-- Your goal --
Copy, from the listing, every line in which the string "best" is present.

-- Excerpted records --
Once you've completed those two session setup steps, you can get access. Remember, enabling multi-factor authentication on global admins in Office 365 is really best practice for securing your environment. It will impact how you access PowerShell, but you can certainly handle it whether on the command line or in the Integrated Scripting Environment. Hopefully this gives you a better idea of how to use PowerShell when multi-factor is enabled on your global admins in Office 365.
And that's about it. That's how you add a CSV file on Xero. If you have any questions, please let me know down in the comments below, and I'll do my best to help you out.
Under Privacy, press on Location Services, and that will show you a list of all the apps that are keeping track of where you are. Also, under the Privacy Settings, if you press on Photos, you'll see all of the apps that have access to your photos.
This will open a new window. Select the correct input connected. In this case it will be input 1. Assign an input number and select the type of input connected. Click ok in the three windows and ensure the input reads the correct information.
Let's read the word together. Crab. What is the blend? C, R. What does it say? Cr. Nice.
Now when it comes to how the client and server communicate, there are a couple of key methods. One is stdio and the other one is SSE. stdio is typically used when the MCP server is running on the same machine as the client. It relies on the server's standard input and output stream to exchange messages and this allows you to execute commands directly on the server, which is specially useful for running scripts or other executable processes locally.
...
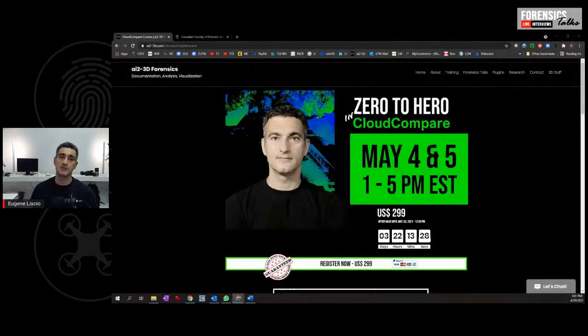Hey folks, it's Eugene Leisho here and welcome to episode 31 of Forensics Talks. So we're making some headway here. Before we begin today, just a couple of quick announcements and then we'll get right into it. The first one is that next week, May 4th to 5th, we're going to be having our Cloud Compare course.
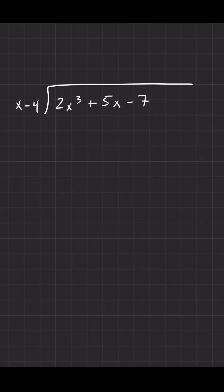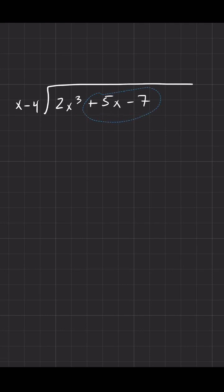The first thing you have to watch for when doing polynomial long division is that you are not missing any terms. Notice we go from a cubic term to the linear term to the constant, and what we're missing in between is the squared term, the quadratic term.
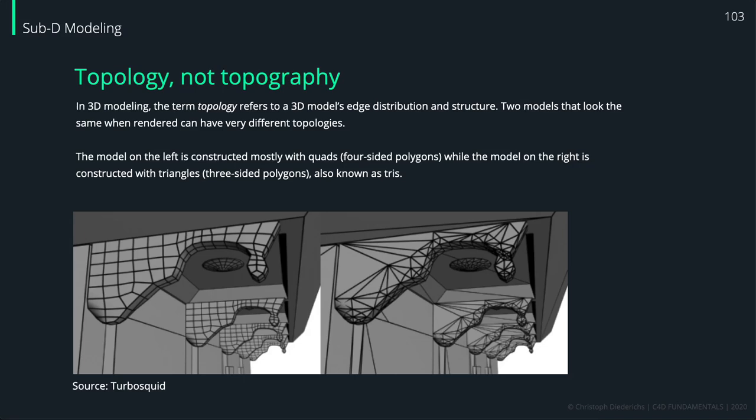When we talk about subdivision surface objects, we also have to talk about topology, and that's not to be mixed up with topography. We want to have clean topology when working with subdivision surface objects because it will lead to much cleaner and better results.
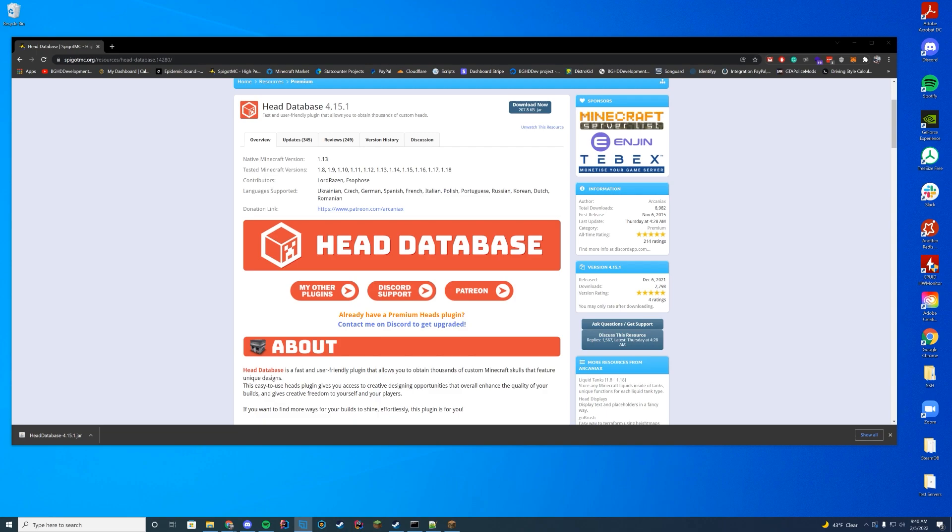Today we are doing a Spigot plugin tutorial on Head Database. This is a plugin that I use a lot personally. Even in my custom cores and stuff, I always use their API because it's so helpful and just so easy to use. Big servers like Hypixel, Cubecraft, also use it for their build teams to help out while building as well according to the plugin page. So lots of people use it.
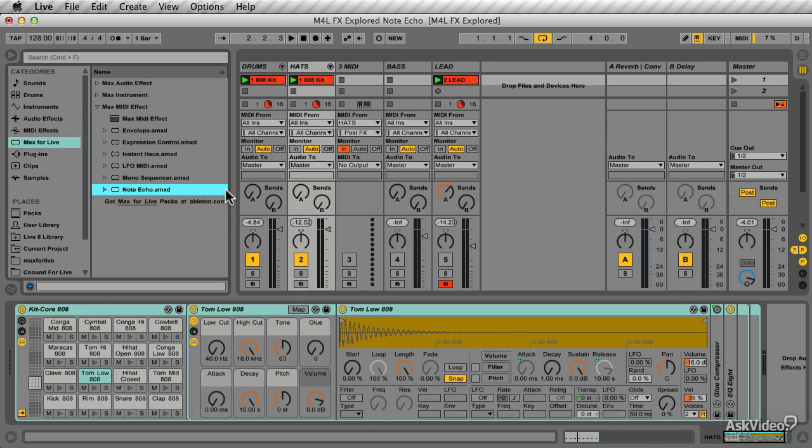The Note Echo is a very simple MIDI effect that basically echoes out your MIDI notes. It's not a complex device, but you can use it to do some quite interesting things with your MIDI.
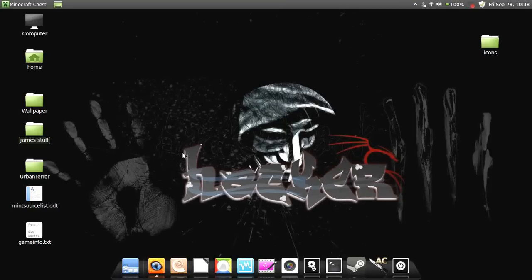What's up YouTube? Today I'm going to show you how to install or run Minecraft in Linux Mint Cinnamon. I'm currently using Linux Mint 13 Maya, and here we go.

-- Result --
Once you've completed those two session setup steps, you can get access. Remember, enabling multi-factor authentication on global admins in Office 365 is really best practice for securing your environment. It will impact how you access PowerShell, but you can certainly handle it whether on the command line or in the Integrated Scripting Environment. Hopefully this gives you a better idea of how to use PowerShell when multi-factor is enabled on your global admins in Office 365.
And that's about it. That's how you add a CSV file on Xero. If you have any questions, please let me know down in the comments below, and I'll do my best to help you out.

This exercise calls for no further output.